What I love about Cates is his general good sense, though if he was really sensible he'd fade into the woodwork instead of being a perennial person of interest. What he gets, that so few antihero's (and almost no heroes, by definition) get, is that when it's kill or be killed, not only do you shoot first, but you put another round into the other guy for insurance, which cuts down on the number of dead people who come back at you when you're not expecting it.

At least, that's the way it's supposed to work.

When Cates is picked up in a security sweep of the crumbling remains of blighted NYC, which is being bulldozed to make a really big shopping mall and suburban style wonderland, he's sent to Chengara Prison, a nice enough place if you don't mind dying of thirst or hunger, which are both pretty much guaranteed in the long run. Except that for some reason there doesn't seem to be a long run. Every now and then the prison population thins out and nobody quite knows how or when.
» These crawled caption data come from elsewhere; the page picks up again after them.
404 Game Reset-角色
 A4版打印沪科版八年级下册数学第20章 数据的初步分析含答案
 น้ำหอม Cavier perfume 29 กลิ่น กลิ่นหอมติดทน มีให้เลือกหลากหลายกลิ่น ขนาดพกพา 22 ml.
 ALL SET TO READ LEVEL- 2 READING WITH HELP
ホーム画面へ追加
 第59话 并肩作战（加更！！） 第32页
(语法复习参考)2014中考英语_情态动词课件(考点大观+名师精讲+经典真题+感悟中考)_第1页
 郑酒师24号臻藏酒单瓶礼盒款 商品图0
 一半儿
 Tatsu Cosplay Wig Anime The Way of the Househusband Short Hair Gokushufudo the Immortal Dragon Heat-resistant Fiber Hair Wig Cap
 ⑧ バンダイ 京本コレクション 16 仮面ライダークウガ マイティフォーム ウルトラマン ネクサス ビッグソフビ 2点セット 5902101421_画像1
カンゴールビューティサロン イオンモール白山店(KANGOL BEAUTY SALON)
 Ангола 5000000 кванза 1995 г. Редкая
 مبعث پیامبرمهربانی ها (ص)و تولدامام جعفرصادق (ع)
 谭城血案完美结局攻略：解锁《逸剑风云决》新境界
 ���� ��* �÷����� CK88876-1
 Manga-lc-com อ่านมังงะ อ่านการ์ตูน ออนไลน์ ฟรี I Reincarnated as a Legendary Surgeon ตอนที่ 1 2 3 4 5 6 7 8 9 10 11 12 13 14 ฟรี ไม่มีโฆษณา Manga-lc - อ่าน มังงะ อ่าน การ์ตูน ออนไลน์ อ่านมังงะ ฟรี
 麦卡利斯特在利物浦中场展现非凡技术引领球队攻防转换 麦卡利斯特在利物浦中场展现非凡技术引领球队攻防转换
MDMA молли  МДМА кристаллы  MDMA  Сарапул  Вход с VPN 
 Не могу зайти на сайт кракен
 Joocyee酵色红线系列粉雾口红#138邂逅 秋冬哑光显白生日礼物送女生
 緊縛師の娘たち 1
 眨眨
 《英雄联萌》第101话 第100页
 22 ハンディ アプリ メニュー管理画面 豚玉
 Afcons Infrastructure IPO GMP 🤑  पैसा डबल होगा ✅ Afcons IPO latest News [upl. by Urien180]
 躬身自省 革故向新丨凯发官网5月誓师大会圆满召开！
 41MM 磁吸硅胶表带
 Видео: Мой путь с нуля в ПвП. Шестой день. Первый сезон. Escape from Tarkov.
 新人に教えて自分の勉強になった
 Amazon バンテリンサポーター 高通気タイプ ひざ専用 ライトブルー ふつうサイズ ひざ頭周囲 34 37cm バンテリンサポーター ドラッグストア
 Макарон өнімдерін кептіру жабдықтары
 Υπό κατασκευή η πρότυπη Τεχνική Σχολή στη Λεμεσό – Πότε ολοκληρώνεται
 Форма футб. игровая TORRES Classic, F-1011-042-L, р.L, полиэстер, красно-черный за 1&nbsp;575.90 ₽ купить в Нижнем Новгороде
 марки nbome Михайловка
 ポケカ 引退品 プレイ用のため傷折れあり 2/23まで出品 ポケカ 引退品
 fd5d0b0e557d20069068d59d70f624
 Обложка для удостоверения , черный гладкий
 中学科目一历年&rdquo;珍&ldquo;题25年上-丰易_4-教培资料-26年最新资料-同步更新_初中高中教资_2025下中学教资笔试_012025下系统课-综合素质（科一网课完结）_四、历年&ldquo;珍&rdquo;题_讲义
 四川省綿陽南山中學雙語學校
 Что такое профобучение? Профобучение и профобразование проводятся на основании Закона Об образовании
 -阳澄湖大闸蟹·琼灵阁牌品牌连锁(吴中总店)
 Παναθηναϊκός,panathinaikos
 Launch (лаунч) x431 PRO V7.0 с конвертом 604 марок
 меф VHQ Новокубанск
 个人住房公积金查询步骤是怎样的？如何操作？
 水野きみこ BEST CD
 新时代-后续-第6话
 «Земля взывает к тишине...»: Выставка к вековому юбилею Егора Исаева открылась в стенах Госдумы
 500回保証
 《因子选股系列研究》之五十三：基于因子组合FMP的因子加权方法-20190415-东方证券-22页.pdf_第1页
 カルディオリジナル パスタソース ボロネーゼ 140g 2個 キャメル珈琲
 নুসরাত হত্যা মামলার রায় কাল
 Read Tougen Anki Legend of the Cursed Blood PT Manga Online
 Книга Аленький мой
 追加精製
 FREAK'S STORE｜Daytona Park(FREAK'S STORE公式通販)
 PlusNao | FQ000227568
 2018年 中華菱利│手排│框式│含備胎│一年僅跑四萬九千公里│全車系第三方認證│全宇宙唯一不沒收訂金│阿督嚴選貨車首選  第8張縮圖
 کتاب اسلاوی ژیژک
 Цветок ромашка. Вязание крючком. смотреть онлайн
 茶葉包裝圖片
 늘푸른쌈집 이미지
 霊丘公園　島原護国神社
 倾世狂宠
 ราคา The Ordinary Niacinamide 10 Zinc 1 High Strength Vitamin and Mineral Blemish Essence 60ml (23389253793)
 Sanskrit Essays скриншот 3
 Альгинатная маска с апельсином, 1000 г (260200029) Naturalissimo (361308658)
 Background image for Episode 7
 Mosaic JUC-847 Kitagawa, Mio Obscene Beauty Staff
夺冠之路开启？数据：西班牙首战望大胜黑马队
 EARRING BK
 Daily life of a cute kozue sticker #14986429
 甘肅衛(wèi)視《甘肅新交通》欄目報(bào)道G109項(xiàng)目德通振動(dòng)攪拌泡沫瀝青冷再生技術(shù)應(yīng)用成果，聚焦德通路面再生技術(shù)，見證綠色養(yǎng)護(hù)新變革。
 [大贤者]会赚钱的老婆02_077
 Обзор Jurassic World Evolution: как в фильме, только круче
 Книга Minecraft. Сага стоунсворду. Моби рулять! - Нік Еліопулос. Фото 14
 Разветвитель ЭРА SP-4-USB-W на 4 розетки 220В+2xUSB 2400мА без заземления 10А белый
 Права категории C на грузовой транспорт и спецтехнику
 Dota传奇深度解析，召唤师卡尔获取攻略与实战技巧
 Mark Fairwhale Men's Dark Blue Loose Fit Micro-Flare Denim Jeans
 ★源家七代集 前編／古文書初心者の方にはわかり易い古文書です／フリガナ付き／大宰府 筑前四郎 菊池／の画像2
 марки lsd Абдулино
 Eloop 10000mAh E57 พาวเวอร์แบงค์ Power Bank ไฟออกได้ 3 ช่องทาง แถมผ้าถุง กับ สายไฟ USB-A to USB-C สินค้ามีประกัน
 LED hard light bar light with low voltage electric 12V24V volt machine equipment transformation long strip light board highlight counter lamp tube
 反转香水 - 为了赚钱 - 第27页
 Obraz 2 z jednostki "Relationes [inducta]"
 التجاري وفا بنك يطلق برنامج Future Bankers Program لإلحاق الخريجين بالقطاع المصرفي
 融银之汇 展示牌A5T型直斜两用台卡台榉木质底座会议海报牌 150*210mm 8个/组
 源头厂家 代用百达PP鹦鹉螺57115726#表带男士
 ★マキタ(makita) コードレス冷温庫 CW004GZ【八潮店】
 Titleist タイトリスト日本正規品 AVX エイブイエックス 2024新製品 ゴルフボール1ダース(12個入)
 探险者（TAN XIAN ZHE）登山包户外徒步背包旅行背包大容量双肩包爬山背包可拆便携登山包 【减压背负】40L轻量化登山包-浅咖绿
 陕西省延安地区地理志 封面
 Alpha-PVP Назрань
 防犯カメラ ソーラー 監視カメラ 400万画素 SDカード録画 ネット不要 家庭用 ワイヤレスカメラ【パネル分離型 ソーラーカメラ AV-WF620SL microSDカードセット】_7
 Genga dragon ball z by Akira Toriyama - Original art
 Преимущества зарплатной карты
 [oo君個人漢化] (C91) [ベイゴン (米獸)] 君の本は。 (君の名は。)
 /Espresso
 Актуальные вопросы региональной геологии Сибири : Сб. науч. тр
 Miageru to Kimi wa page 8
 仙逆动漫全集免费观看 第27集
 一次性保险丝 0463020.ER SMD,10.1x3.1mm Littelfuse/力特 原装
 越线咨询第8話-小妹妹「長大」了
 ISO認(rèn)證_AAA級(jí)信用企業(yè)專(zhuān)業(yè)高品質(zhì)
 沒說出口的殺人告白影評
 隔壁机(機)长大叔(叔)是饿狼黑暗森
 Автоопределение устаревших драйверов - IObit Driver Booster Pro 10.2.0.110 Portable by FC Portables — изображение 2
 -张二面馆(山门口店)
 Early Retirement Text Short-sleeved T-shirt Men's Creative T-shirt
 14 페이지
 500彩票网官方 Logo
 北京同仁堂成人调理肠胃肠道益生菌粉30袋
Everybody except the fat man that recruits Cates for an escape team. He knows that the prisoners are being cycled through a brain copying procedure that lets the powers that be create perfect avatars of the original, but set to do their bidding. Which is why some people Avery has been killing lately keep turning up.

Can Avery, the Fat Man, and a handful of talented societal rejects escape from a maximum security facility in the middle of nowhere? And if they do, where will that leave them, exactly?

Sure, I could dig up some more detail about the plot, characters, social conditions and all that...but you'll get them when you read the book. Heck, you'll get most of it if you just read the short story, "Oldest Bastard on the Block" (see links). Slipping into Cates' skin is as easy as reading the first line of the book. The hard part is peeling it off again after the last page.